And sure, much of what we see more and more of in a real-time engine has already been implemented in ray-tracing engines. The evolution we then see here is the fact that features that used to be too "heavy" for real-time implementations in prior hardware can be implemented in current and/or future graphics hardware as it gets more and more powerful. This could also be a matter of newer, smarter and less computationally intensive algorithms for said feature, (perhaps at the expense of accuracy) that enables the use of it in real-time applications and not just hardware improvements per se.

I think engines should have features that are too heavy for current hardware as a way to stimulate demand for stronger hardware. But implementing such features involves development costs that a company might rather want to spend elsweyr.

Another not visible feature described in the prior post was the "logistics". With "logistics" I kind of meant content management. When developing a large game, large teams of developers, graphic designers, game level designers and so on must be coordinated efficiently so that the content from one team doesn't break the content from another team. I think in this regard a good content management system make the users focus on "content creation" without getting bogged down by menial administrative tasks.

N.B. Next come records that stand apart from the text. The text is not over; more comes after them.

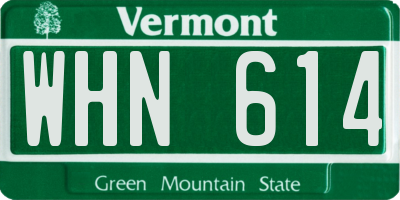 VT license plate WHN614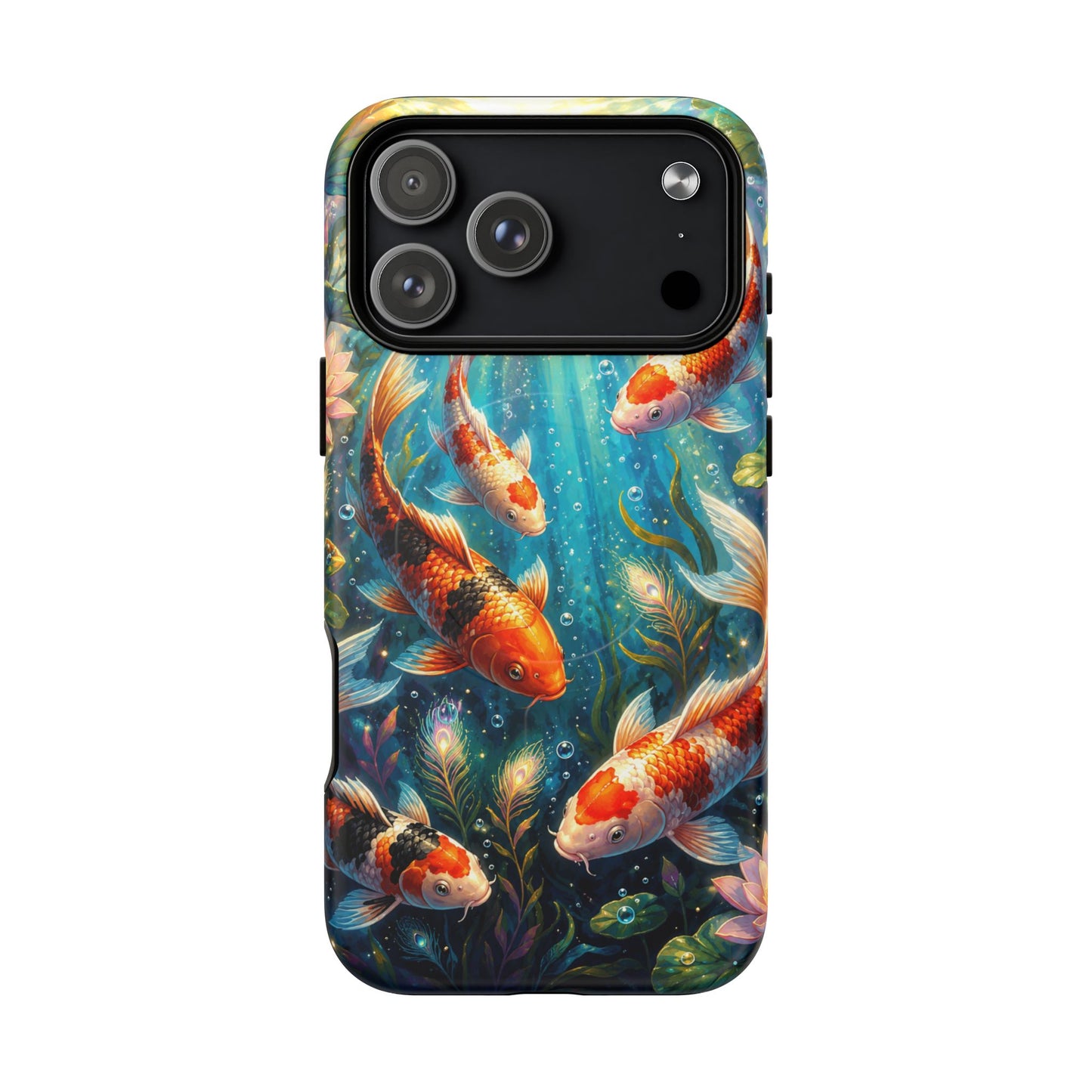 Koi Serenity™ Tough Magnetic Case for iPhone (MagSafe Compatible)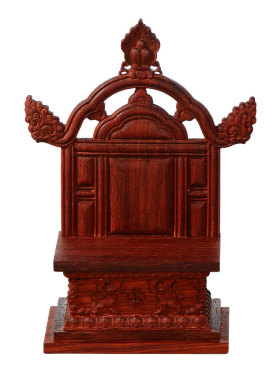 实木佛像底座加高带屏风室内家用菩萨供奉台小型铜像佛龛摆件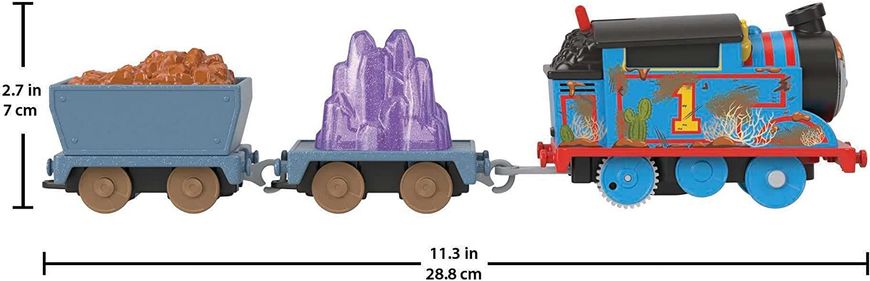 Моторизований паравозик Томас  Fisher-Price Thomas & Friends Crystal caves Thomas Кришталеві печери (HJV43)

I don't think going with OpenGL is such a bad idea. With OpenGL, you get platform independence which I think is more important than ever now that we have Android and perhaps even Steam in a not too distant future. The reason why Direct3D became so popular was a result of a FUD campaign that Microsoft spread about it; that it was buggy, Vista wouldn't support it, performance not as good as Direct3D (when in fact D3D was SLOWER than OpenGL), not as many features (when in fact OGL had MORE features than D3D and is still developing ...).

The companies know that the gaming market is big and lucrative, so the do what they can to hog a share into this market and force users to their software and hardware products through technological lock-in strategies. Now Apple is trying to do a similar thing releasing METAL that supposedly is "faster" than OGL and having more features than OGL while showing fake "benchmarks" comparing their performances in favor of METAL while real benchmarks show that OGL is better and more feature rich than METAL. So it remains to be seen whether developers have wisen up to these companies' scams or will fall for the FUDing once again. I'm quite sure that companies will spend HUGE loads of money to make that happen.

OpenGL is used extensively in the professional market, has been around for a long long time, is still actively developed and it is going to be around for another long long while. And I think there will be tools (such as MetalGL) available to make OpenGL applications interface efficiently with both METAL and D3D.

Also, more physics would be nicer too. I constantly see all those fluid simulations like water splashes, deformations, waving hair/textiles and so on but never see them reaching the games. I have not yet seen caustics in games either. I've seen real-time raytracing engines but I don't think we are there just yet but who knows, instead of going for multiscreen 4K, that extra GPU performance could be better spent on lower screen resolution but more "eye candy". And when one wants to go for competitive gaming one could strip off the eye candy and go for 4K instead.
 
I think CryEngine is the best. A game that come out in 2007, and still looks pretty awesome? Very demanding on faster hardware but designed to give a bit of slack to slower one? I'd say that'd be quite a feat.

For me, those engines are a turn-off which require high-end i5's and GTX 780's as minimum requirements. Just Cause 3 and Assassin's Creed Unity/Syndicate come to mind. Also ones which gobble up a lot of VRAM(Shadow of Mordor).